Così dopo una discreta camminata entro al cinema, sala ipertecnologica con dolby stereo e quant'altro serve per gustare qualità del suono e immagini in 4K. Poi il concerto si apre, c'è l'anfiteatro di Pompei e la storia del rock sul palco. David Gilmour e il suo gruppo, con impressionante naturalezza, ci deliziano per due ore filate con la loro musica che ha qualcosa di planetario. Quello che Gilmour fa con la chitarra non si può descrivere nemmeno con la più osannante delle iperboli. Le sue dita sembrano ormai tagliate con l'accetta, dita avvizzite e ruvide come quelle di uno zappatore, ma ciò che ricavano dalle corde è miele nelle orecchie.
Alla fine, quando sei ben immerso nell'atmosfera e te ne staresti ancora lì per una decina di bis, il concerto finisce. Ritorno verso la stazione e risalgo sul treno. C'è aria di pioggia nell'aria e sui finestrini dove l'oscurità sembra caduta come una tenda.
Ripenso all'orso a pancia in giù che chiede l'elemosina. Probabilmente qualche goccia di pioggia gli sta cadendo addosso, presto assorbita dal panno lercio della sua pelle. Forse il barbone si accorge che piove, forse si alza, prende l'orso con sé e con lenta fatica si sposta altrove, cerca riparo sotto il portico. Davanti a lui scorre l'indifferenza del mondo. La città accende le sue luci, ma l'orso e il barbone vivono solo le sue ombre.
A casa, leggo su internet che David Gilmour è al 14 posto tra i chitarristi più grandi di sempre. Un talento artistico inarrivabile. Ho il suono della sua chitarra che vibra nella mia testa e sono ancora elettrizzato. Ma anche il barbone con il suo orso di pelouche ha il suo fascino.
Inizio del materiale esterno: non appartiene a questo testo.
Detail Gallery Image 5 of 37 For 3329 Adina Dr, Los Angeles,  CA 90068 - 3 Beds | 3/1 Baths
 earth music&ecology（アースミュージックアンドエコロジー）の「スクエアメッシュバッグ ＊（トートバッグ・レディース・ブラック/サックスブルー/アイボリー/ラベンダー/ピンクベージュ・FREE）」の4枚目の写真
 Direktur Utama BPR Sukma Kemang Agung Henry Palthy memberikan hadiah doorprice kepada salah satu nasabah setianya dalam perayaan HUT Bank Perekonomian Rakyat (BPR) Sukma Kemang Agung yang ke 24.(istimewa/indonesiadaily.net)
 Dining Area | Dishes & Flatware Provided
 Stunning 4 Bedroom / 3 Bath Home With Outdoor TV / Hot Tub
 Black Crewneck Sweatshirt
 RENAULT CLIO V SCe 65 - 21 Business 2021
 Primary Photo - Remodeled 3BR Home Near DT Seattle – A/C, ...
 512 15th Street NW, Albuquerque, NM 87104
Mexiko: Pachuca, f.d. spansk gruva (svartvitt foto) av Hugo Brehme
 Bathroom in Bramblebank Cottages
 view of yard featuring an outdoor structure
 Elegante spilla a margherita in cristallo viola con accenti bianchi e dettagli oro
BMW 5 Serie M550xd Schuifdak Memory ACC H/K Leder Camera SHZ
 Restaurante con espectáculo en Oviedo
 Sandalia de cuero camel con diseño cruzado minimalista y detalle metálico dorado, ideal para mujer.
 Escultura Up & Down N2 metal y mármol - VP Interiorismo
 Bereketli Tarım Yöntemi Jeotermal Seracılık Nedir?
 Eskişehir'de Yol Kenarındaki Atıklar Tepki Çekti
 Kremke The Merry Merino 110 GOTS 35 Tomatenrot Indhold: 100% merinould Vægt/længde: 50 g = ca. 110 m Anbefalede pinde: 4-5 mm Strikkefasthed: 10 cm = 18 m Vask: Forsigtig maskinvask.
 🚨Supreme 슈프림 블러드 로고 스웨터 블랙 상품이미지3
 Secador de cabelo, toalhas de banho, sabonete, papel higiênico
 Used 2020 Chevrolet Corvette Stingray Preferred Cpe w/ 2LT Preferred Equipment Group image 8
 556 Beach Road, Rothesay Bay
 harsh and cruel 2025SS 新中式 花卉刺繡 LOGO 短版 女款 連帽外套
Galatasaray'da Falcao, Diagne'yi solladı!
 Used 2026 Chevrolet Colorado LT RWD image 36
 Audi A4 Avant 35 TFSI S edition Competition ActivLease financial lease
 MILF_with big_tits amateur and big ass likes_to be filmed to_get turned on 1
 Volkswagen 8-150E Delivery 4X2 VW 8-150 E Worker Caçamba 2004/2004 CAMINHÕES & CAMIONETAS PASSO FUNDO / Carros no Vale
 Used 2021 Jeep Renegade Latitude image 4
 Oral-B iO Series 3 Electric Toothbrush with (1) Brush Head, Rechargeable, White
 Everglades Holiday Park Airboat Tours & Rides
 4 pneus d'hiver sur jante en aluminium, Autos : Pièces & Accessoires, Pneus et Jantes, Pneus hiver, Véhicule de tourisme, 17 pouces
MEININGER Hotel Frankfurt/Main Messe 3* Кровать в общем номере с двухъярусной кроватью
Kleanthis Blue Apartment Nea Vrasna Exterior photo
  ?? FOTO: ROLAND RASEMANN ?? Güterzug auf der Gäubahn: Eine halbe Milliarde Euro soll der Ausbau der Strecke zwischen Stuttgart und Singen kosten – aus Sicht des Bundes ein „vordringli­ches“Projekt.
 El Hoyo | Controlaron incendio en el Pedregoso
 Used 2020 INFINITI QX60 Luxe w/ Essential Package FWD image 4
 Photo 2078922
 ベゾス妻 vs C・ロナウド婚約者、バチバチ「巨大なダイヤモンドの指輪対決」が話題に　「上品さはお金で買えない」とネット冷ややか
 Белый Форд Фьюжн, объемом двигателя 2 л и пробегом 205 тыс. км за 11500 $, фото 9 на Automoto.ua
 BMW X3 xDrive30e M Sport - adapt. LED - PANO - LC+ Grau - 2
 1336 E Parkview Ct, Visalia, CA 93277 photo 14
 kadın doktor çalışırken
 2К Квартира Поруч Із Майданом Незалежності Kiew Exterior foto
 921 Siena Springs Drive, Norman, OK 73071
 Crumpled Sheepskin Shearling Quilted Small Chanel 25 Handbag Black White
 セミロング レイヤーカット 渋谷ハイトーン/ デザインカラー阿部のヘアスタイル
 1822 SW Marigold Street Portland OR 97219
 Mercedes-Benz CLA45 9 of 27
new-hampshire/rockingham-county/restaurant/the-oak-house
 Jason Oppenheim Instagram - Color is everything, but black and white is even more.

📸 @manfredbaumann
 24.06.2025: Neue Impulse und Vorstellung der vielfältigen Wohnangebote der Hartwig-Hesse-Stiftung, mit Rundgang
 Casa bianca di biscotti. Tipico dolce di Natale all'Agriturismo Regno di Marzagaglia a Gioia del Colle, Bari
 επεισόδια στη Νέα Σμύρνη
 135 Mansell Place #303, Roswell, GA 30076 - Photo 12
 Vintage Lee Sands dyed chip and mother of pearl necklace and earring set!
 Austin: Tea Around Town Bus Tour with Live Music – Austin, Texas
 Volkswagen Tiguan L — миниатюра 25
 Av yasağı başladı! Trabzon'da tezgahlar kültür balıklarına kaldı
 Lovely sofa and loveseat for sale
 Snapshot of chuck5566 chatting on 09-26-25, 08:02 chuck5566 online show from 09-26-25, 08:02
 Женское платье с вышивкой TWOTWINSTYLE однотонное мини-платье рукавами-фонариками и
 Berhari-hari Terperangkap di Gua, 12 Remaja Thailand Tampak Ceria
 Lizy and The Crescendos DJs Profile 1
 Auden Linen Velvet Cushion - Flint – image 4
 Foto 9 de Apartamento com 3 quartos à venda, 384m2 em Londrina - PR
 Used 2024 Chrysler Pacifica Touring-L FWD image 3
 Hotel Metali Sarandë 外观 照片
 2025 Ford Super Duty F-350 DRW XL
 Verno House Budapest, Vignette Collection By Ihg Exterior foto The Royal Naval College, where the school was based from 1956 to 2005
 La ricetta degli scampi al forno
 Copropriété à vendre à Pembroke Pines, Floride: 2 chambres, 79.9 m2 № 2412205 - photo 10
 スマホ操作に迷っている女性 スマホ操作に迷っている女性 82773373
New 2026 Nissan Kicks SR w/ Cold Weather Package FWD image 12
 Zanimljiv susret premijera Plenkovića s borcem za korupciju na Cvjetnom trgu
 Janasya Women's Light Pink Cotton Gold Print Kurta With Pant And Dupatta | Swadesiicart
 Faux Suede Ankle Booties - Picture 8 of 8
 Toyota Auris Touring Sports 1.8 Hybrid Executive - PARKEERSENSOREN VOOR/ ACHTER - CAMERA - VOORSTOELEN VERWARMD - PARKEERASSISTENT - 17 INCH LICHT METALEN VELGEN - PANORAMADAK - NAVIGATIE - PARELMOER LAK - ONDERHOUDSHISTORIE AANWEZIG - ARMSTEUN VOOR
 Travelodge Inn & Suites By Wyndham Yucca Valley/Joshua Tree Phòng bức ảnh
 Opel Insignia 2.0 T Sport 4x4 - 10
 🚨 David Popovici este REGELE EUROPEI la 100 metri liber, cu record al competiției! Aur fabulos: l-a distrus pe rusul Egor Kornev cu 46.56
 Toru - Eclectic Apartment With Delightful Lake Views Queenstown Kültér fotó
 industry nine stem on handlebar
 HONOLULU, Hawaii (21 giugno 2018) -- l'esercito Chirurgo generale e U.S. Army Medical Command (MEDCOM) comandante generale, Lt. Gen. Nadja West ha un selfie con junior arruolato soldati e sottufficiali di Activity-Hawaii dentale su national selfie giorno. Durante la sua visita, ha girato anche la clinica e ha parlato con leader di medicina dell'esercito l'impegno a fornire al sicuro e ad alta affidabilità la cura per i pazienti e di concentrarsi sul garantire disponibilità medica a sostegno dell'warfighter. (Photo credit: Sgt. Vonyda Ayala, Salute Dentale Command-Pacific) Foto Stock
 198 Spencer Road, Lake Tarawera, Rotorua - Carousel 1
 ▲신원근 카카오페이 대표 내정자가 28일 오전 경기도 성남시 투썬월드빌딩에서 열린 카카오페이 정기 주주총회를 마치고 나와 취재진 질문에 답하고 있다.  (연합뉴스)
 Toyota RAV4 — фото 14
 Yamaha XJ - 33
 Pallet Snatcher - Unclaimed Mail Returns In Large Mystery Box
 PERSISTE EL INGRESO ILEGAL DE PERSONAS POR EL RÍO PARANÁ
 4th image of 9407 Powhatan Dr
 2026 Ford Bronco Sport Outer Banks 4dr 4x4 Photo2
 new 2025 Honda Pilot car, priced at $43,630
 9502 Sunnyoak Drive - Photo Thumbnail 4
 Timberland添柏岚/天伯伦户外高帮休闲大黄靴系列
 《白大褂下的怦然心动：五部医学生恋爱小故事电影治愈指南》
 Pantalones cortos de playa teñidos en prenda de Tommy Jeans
Il primo crea magie divine con la chitarra, l'altro trascina la sua follia lungo i marciapiedi; uno esplora la musica delle stelle, l'altro richiama la visione dal basso delle cose e vi trova dentro un sorriso.
Tutto questo sproloquio per dire: grazie Elena per la tua segnalazione altrimenti mi perdevo Gilmour e anche l'orso di pelouche steso nel nulla. Per me, indimenticabili entrambi.